TREATMENTS FOR LYMPHEDEMA
The aim of treatment for lymphedema is to encourage lymph fluid to move away from the swollen area, to try and improve symptoms and stop them getting worse. The way this is done will depend on how severe your lymphedema is, but your treatment may include some, or all, of the following approaches at different times. You can do quite a lot of these yourself alongside any professional treatment you are having
Skincare is important because having excess lymph fluid in the arm or chest area, together with having fewer infection-fighting lymph nodes, increases the risk of infection. Small breaks in or damage to the skin, or some skin conditions which cause the skin to become red and sore, can become a site for infection. Dry, flaky or cracked skin can also lead to infection and make controlling any swelling more difficult. If an infection develops it can lead to further damage to the lymph system due to scarring, and may make the lymphedema worse.
Exercise will keep your joints supple and encourage muscle activity which is very important for lymph drainage. Although you may already use your arm actively in your everyday life or work and get plenty of exercise in this way, swelling can sometimes restrict movement of the arm and extra exercises may be helpful.
Sport and fitness Sports and activities that you did before you developed lymphedema and those you wish to take up now are still possible, as long as you return to/start them slowly and stop if you have any discomfort or you notice further swelling. If you want to increase your activity levels or take up a new sport, make sure you do it gradually. Research suggests that exercise is helpful when you have lymphedema and does not make the lymphedema worse.

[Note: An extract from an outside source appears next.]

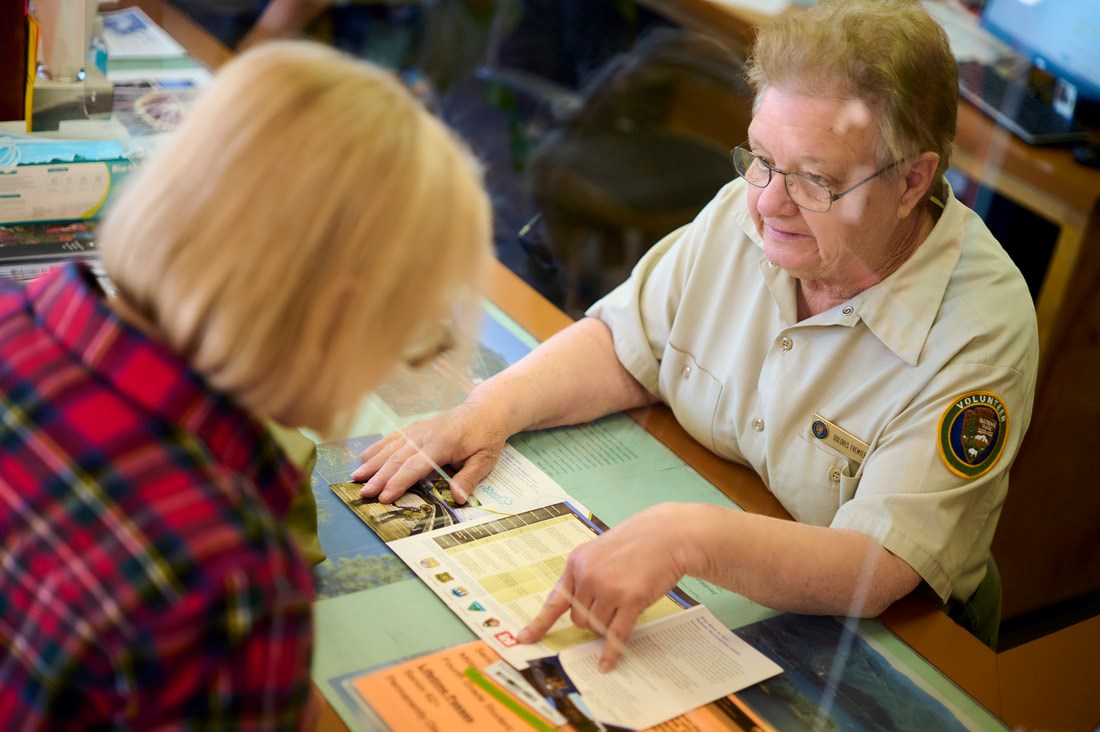 A white female senior citizen in volunteer shirt assisting a visitor at the Visitor Center.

General activities try not to use the affected arm for lengthy, strenuous activities such as lifting, carrying heavy objects or pushing heavy equipment like lawn mowers. If you need to do these activities, try to do other things in between to break up the length of time spent on them.
- Maintaining a healthy body weight
Being overweight can affect how you respond to treatment for lymphedema, so it’s important to try to keep your weight within normal limits. There’s no specific diet that will help but if you are overweight, try to follow a healthy, well-balanced eating plan and a regular exercise programme
- Compression garments
If the swelling is in your arm and/or hand you may be fitted with a compression garment in the form of a sleeve and/or glove to help control your lymphedema. If the swelling is in your breast or chest wall area, you may be fitted with a compression bra or vest. Your lymphedema specialist will assess which size and type of garment is best for you and this will usually be available on prescription.

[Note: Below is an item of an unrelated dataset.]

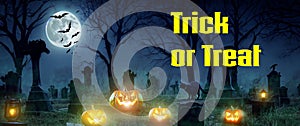 Trick or Treat - A spooky Halloween graveyard with pumpkins, bats, a black cat, full moon and green mist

Compression garments are designed to reduce existing swelling and prevent further swelling by encouraging lymph fluid to drain away from the affected arm. The garment provides a firm resistance against which the lymph vessels are squeezed by the muscles during activity. This allows the lymph fluid to move up the arm more effectively. Wearing the garment may feel quite strange at first but it should feel comfortable and supportive. You will normally be provided with two garments so that one can be washed while the other is being worn.
The average life span of a compression garment is about six months, after which it loses some of its elasticity and effectiveness. Therefore, make sure you contact your breast care nurse or lymphedema specialist to request new garments.
If you find the garment difficult to cope with, and your lymphedema specialist has checked that it fits correctly, try wearing it when you are most active and then take it off when you are least active. The compression garment is most useful when your muscles are working actively and least useful during rest. Evidence is limited to support the use of compression garments during air flight in people with lymphedema.